沖縄本島那覇(なは)市の北西約58km,慶良間(けらま)諸島の北方に位置する島。村役場の位置はおよそ北緯26°22′,東経127°08′。渡名喜村の主島。バーニーの海図にはトゥナチ(Tunachi)と見え,夏子陽「使琉球録」の琉球過海図には土那奇,「指南広義」の琉球三十六島図には度那奇と見える。また,「中山伝信録」「琉球国志略」に「度那奇,訳して渡名喜島という。姑米山に近し。山に牛多し」とある。面積3.53km(^2)・周囲11.99km,最高標高は大岳の179m。
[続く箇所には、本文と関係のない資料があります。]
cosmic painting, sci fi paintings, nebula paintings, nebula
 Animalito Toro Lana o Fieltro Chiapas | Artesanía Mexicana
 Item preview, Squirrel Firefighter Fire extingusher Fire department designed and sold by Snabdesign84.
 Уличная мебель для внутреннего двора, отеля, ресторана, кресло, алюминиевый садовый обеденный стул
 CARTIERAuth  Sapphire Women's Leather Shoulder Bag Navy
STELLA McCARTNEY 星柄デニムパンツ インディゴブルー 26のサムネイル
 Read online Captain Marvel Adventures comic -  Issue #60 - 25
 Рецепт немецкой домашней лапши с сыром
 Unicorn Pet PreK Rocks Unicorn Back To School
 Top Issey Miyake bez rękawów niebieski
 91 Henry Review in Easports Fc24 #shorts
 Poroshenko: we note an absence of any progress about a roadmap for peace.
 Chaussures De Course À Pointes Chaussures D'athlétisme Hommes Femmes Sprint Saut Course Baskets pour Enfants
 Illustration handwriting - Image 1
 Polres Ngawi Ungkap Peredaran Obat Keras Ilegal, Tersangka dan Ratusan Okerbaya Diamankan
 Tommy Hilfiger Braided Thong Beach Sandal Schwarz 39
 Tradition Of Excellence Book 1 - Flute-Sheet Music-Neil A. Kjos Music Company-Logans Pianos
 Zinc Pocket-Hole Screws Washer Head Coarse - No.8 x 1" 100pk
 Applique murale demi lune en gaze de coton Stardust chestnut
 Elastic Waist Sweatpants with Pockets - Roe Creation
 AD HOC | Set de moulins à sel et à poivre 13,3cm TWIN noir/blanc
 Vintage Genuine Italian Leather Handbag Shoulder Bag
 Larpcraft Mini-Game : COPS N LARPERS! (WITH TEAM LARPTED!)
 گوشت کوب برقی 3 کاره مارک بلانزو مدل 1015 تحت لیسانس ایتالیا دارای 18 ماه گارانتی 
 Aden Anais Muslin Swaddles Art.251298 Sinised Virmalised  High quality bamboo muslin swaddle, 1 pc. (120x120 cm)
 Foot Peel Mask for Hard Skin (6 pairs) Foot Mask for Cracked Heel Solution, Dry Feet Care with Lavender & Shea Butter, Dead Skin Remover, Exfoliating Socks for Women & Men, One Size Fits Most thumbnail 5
海岸線は岩石海岸で小さな屈曲が多い。地形・地質上から2つの地域に区分することができる。北部地域は西森といわれ,火山性の岩石で構成された丘陵地で,狭小な地域に種々の鉱物があり,鉱石の種類は沖縄で最も多いという。北端にある標高146mの西森はヤギの牧場となっている。南部地域は古生代石灰岩で構成され,急傾斜の山地が海岸まで迫り,海岸は険しい断崖になっている。特に南側は標高178.4mの地点から断崖が海に迫っている。山地は良質のドロマイトを含有し,採掘計画を立てた企業もあったが,その都度島民の反対にあって挫折している。この南北2つの山地は低平な砂質地帯で結ばれ,1島をなしているため,洋上から望むと2島に見え,渡名喜のオタカベには「ターマタ(二股)」と謡われている。低平な浜堤上に島唯一の集落がある。集落の西に県管理第1種漁港渡名喜漁港があり,那覇港泊埠頭と渡名喜および久米島の真泊(仲里村)を結ぶフェリーなはが月15便就航する。那覇港まで2時間,真泊まで1時間を要する。港への水路はリーフを割って造られたもので狭く危険なため,海が荒れるとフェリーは寄港せず,外界との交通は断たれる。